Deadpool & Wolverine, la recensione del film Marvel con Ryan Reynolds e Hugh Jackman
CinemaAl cinema dal 24 luglio, il lungometraggio diretto da Shawn Lewy rigenera l’universo MCU. Un gioiello metacinematografico che centrifuga allegramente l’action con il buddy movie. Tra humour scorretto e omaggi ai cinecomic del passato, un’opera che abbatte la quarta parete sulle note di una colonna sonora deliziosamente vintage
Una risata ci seppellirà. Oppure ci farà risorgere. D'altronde il mercenario chiacchierone si rigenera a suo piacimento e in questo film chi muore si rivede, spesso e volentieri. Sicché Deadpool & Wolverine, nelle sale cinematografiche italiane a partire da mercoledì 24 luglio, risulta una panacea contro il logorio del cinecomic moderno, corroborante quanto uno spritz con il Cynar. Si ride, si scherza su tutto, la computer graphic non impazza e soprattutto non ci si prende troppo sul serio pure se si tratta della fine di questo mondo o di altri. Il Multiverso si trasfigura in una rubrica della settimana enigmistica, non è obbligatorio cogliere tutta la ridda di citazioni, omaggi, camei, ricchi premi e cotillon (certo sapersi destreggiare nei dedali griffati Marvel moltiplica il piacere) perché alla fine si gode e ci diverte lo stesso, tra un ardito doppio senso sessuale e una battaglia a colpi di ossa sulle note di Bye Bye Bye - interpretata dagli NSYNC. Perché nel cinema d’intrattenimento contemporaneo, una pellicola mainstream piena di autoironia e irriverenza è rara quanto un francobollo Gronchi Rosa.

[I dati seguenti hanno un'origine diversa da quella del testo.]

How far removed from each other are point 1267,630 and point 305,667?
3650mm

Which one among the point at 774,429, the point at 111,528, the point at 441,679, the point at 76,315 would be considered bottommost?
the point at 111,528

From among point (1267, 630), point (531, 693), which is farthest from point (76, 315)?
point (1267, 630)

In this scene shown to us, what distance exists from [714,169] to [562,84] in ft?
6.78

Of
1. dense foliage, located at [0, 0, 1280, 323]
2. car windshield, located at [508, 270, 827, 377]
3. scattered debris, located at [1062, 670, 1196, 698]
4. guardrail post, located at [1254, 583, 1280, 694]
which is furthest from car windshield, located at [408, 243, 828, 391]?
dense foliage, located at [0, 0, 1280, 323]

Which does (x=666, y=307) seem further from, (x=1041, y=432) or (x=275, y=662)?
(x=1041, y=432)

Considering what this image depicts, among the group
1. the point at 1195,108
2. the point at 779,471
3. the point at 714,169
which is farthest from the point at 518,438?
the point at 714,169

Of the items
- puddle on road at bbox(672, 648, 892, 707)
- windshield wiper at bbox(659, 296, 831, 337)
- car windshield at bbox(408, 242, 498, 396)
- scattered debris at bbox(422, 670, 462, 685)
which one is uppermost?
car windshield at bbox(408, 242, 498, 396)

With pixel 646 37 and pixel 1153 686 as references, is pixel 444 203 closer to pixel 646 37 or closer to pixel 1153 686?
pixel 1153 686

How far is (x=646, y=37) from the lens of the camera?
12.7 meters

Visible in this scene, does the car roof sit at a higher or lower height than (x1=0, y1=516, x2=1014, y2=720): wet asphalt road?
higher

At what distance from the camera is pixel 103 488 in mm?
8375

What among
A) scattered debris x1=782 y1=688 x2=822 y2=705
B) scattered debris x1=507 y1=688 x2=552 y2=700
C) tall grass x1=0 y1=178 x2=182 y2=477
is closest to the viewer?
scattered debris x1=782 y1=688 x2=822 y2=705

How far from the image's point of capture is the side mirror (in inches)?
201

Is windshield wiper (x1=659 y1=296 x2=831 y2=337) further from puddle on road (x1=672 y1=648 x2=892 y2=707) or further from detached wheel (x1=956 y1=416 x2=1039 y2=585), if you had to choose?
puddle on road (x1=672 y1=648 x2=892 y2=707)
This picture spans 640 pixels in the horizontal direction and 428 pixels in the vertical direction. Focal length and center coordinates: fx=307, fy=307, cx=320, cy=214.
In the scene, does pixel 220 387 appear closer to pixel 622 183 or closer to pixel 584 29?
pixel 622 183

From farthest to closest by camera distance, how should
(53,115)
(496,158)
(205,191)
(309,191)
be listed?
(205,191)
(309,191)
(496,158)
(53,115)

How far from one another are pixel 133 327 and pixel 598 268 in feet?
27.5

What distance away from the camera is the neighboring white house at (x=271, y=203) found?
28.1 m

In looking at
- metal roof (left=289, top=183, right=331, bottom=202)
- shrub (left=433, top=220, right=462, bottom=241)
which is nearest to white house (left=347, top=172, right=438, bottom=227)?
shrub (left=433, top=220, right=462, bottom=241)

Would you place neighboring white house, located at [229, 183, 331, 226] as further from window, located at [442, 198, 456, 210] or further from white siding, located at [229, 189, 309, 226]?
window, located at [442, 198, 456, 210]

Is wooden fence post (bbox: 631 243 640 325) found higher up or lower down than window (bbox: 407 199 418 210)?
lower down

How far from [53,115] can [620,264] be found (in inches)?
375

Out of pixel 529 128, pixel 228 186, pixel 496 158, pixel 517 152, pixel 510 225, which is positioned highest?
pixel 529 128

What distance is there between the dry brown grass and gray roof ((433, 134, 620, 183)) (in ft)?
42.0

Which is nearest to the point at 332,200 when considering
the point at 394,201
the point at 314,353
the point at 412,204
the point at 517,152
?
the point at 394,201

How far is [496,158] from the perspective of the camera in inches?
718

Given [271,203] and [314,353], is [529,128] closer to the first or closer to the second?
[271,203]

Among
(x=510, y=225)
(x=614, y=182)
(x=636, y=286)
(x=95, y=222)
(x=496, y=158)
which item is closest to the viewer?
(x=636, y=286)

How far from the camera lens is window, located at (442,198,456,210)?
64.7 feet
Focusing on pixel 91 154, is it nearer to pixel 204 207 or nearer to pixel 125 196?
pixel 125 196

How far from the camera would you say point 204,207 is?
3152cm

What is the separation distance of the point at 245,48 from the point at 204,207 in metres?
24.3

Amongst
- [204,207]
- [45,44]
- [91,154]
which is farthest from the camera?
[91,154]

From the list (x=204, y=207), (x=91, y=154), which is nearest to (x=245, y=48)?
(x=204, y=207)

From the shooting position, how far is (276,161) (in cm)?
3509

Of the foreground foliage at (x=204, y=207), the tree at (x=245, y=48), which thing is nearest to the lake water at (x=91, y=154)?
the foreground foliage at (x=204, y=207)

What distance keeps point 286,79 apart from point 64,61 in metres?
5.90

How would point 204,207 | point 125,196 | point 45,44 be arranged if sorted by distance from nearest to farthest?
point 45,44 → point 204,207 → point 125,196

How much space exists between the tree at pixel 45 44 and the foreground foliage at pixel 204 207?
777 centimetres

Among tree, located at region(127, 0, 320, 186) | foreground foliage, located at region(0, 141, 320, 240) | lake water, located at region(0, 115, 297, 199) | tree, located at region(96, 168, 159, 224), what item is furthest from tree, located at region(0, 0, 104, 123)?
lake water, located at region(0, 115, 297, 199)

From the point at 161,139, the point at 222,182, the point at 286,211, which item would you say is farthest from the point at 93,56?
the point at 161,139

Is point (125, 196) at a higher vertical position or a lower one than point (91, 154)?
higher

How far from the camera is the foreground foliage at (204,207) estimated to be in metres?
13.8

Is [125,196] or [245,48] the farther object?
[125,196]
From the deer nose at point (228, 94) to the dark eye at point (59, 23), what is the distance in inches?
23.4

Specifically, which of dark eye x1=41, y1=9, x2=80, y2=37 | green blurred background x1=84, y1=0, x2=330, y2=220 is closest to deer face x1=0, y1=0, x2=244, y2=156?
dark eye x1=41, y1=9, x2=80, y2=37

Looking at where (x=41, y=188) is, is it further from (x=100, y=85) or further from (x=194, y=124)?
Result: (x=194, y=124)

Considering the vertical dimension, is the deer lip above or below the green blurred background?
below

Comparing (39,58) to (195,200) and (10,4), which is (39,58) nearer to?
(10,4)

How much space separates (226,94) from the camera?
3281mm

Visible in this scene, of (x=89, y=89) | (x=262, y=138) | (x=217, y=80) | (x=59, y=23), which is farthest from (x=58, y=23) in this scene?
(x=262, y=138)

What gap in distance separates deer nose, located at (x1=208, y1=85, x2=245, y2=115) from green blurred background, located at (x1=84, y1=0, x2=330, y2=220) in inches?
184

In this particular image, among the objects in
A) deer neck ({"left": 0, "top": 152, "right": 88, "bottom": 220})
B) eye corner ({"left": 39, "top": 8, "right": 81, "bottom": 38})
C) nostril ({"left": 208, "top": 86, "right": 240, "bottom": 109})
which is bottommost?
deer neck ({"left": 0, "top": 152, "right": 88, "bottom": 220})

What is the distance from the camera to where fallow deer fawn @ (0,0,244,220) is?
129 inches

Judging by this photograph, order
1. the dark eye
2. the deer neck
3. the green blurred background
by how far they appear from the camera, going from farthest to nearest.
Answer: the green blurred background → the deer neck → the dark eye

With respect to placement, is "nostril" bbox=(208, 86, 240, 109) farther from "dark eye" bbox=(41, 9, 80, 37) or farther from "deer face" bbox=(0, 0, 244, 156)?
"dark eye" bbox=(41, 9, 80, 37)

Rendere appetitosa la pizza all'Ananas
Per usare una mera metafora gastronomica, Deadpool & Wolverine riesce rendere digeribile e financo appetibile la pizza all’ananas, pietanza che nel Bel Paese terrorizza, peraltro a ragion veduta, i più, perché trattasi di un’opera capace di coniugare il dolore, il nichilismo, la solitudine di un film dark come Logan con allegra confusione, la spudorata sfacciataggine dei precedenti lungometraggi incentrati sul linguacciuto supereroe. Per una volta, almeno al cinema, gli opposti si attraggono davvero. Se lo scontro si trasfigura in incontro, gran parte del merito è da attribuirsi a Ryan Reynolds e Hugh Jackman, Senza correre il rischio di venire scomunicato dai Soloni della critica, e con le dovute proporzioni, i due bei tomi paiono davvero l’evoluzione beffardamente superomistica di La Strana coppia immaginata da Neil Simeon. Ineluttabile flâneur, ma pure megalomane, Wade Wilson cazzeggia e sogna di fare squadra con gli Avengers, ma i vendicatori sono un piatto che neanche si può consumare freddo per chi ha una moralità dubbia e una faccia modello Freddy Krueger. Cosi l’esistenza di Deadpool imbocca inesorabile il viale del tramonto. Con parrucchino color topo si ritrova come un monsieur travet a stelle e strisce a vendere automobili. Tuttavia pure nella più sgangherata versione dell’American Dream, si manifesta sempre una seconda possibilità. In questo caso l’opportunità è rappresenta da James "Logan" Howlet, noto come Wolverine. C’è solo un piccolo problema, il mutante villoso dai civettuoli basettoni è defunto. Ma si sa, in un cinecomic che si rispetti mai dire mai. Così il lupo solitario dal gene x si ritroverà, suo malgrado, a recitare l’oneroso ruolo di ancora temporale.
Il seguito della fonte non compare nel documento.